Het is niet zo dat ik mij schaam voor mijn afkomst of dat ik liever blond had willen zijn (volgens sommigen ben ik al blond genoeg). Het is gewoon dat ik meer ben dan mijn afkomst alleen.
Ofja, dat wil ik zijn, maar de praktijk spreekt dat nog eens tegen. Zo werd ik laatst benaderd door iemand met de vraag of ik toevallig een broer had. Ze kwamen namelijk een buitenlander tekort voor de hoofdrol in een toneelstuk.
Of die keer dat ik via via te horen kreeg dat ik niet werd uitgenodigd voor een sollicitatiegesprek op basis van mijn Arabisch klinkende achternaam.

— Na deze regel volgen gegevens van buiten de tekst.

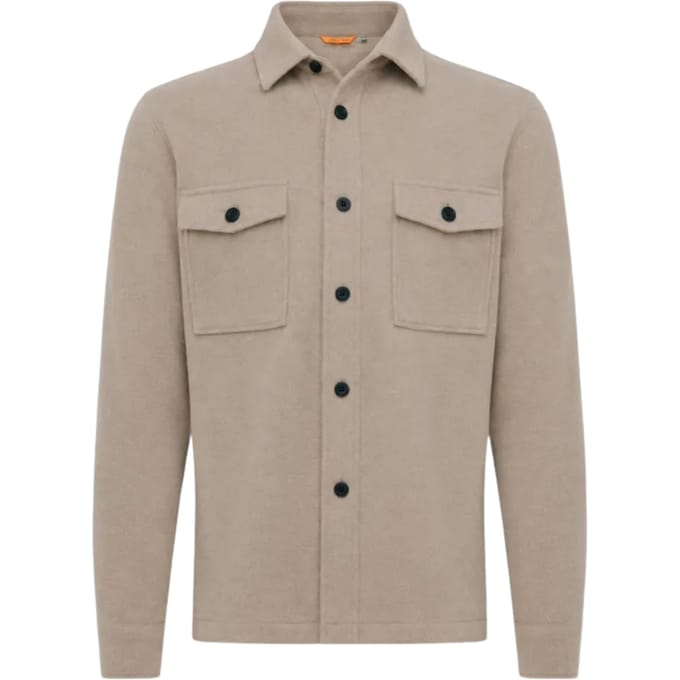 Genti S5238-1608 Overshirts Bruin S5238-1608
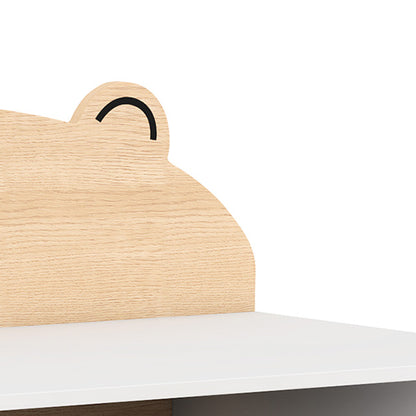 Conjunto Infantil De Mesa E Cadeira Aiyaplay Painel De Partículas, Mdf Branco_3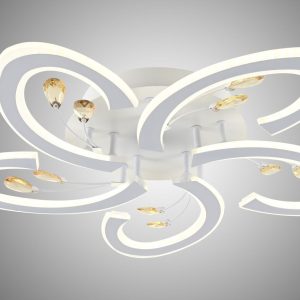 Lustra LED G3325-5 –Elit's 180W, cu telecomanda, ~16.200 lumeni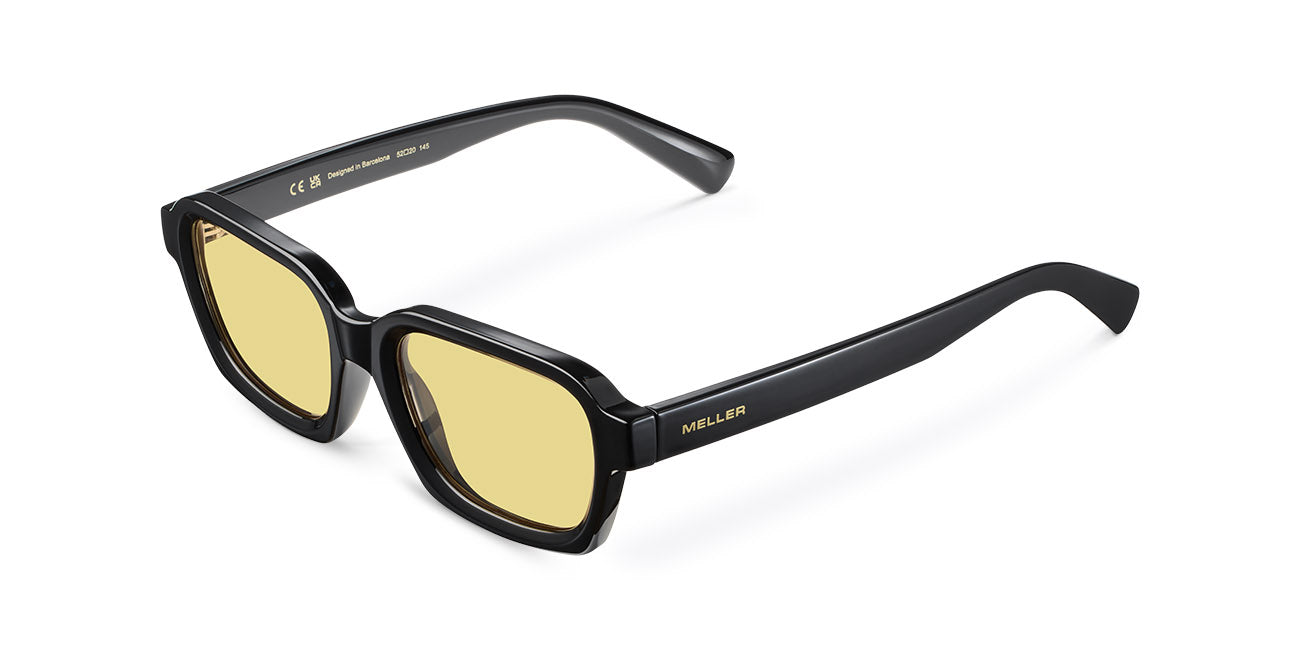 meller-adila-sonnenbrille-black-yellow image 2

En dan heb ik het niet eens over die keren dat ik versierd werd op basis van mijn afkomst, waarbij veelvuldig woorden zoals ‘exotisch’ gebruikt werden. Woorden die ik persoonlijk associeer met de Gibbons en Varanen in Burger’s zoo.
En het is niet alsof ik mij meer thuis voel bij Marokkanen. Die kijken me scheef aan als ik zeg dat ik mezelf beschouw als een agnost en af en toe een wijntje drink. Dat noemen ze ‘verkaasd’.
Laatst had ik weer een identiteitscrisis. Ik keek met mijn vriend een film. Op een gegeven moment vroeg ik hem waar ik nu eigenlijk bij hoorde. Zonder aarzeling trok hij me naar zich toe.